If there’s one thing we can be sure of when Maureen Bradley wraps Two 4 One it’s that her film featuring a guy who winds up pregnant won’t be confused with Rabbit Test, Joan Rivers’ 1978 dud starring Billy Crystal as a pregnant man.
While both men find themselves in this predicament following a one-night stand, the similarities end there.
Rabbit Test was an ill-advised comedy best forgotten. Chances are Two 4 One, however, will become a movie to be remembered, chiefly because of the way Bradley puts an offbeat comic spin on a hot topic — gender confusion.

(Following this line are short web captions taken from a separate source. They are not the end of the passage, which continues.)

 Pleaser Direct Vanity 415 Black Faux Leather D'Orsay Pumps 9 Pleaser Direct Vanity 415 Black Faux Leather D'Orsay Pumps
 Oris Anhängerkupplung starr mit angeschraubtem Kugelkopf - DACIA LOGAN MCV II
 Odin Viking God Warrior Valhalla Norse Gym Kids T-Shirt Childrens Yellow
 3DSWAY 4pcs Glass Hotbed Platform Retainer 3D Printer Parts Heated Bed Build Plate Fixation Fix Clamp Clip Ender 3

The writer-director’s bittersweet romantic-comedy “in the tradition of Woody Allen and Billy Wilder, but with a modern twist” focuses on two oddballs — Adam and Miriam, his ex-girlfriend he helps artificially inseminate — who both wind up pregnant.
Adam, transitioning from female-to-male, is a transgendered dude with a dilemma. Should he settle down and have this baby, or just become one of the guys? It’s complicated, but there’s comic potential.
“Hey, he still has a uterus!” laughs Bradley, an associate professor in UVic’s Department of Writing whose sense of humour belies her concerns about unfounded hatred and fear of transgender individuals.
The queer filmmaker lectured on the topic Wednesday, the annual Transgender Day of Remembrance, at Cinecenta before a screening of Melting Away, a touching Israeli drama about a transsexual teenager kicked out of his own home.
Hollywood has made great strides in acknowledging gender diversity in films like Boys Don’t Cry, Kinky Boots and Orlando, the sumptuous adaptation of the Virginia Woolf novel in which a strikingly androgynous Tilda Swinton plays an Elizabethan-era nobleman who morphs into a noblewoman.
Bradley laments characters with gender identity issues are too often caricatures (Adventures of Priscilla: Queen of the Desert, anyone?) or psychos, however.
“They’re the punchline,” she says. “You can be gay on Friends, but you can’t have real sexuality. You can just be a stuffed toy.”
Notable exceptions include Tomboy, the 2011 French film about an androgynous 10-year-old girl mistaken for a boy. It was a lovely, tender portrait of adolescent sexual confusion.
Bradley says she’s heartened by the success of films and TV shows like Orange is the New Black, starring transgender actress Laverne Cox as transgender prison inmate Sophie Burset, a former fireman; and Transamerica, starring Oscar nominee Felicity Huffman as a male-to-female transsexual.
“Transamerica was a game-changer,” Bradley says. “We don’t usually see [transsexuals] as real characters.”
She also credits female-to-male transsexual Chaz Bono’s appearance on Dancing with the Stars as a breakthrough.
Says Bradley: “I think audiences are ready to see more transgendered people as three-dimensional people with lives.”
Partly because “the whole artificial-insemination subculture is so huge” and that the number of people getting pregnant later in life has risen, Bradley says she’s convinced Two 4 One, to be filmed here in February, has crossover potential.
Telefilm Canada, funding almost half of her $250,000 feature debut, and funders including the B.C. Arts Council and National Screen Institute apparently agree.
Producer Daniel Hogg is also looking for investors — “hopefully someone passionate about the subject” — to augment funds raised during an online crowdfunding campaign that ends Dec. 1.
Their goal on Indiegogo.com is $20,000, with $13,800 raised so far.
“I think it’s an idea that sells itself,” says Hogg, confident it will appeal to the LGBT demographic and a broader audience.
Bradley says part of her motivation is a desire to transcend clichéd narratives about gays coming out.
“That gets tired pretty fast,” she said. “We haven’t seen a lot of films that show how life for many people starts after transition.”
To illustrate how Hollywood legend Billy Wilder inspired her, Bradley points to The Apartment, his 1960 classic starring Jack Lemmon as an ambitious office worker who lends his apartment to his philandering boss (Fred MacMurray) for illicit trysts.
“It’s one of the first romantic comedies in a style I like where it’s not just a silly thing, but about people facing challenges,” she says. “I mean, there’s a suicide attempt. It’s such a beautiful film. It ages really well.”
Admitting “I reluctantly watch rom-coms,” Bradley says she’s also a fan of Allen’s new film Blue Jasmine, and his classics including Manhattan and Annie Hall.
“I was weaned on these,” she said. “There’s a romance and a couple who break apart and maybe come together again.”
While casting continues for her four leads and 10 day players, including “a 65-year-old Québécois woman,” she confirmed Naomi Snieckus, the writer, actor (Being Erica) and comedian has been cast as Miriam.
The crowd-funding proceeds will be used in part to transport, house and feed actors during the 15-day shoot, she said.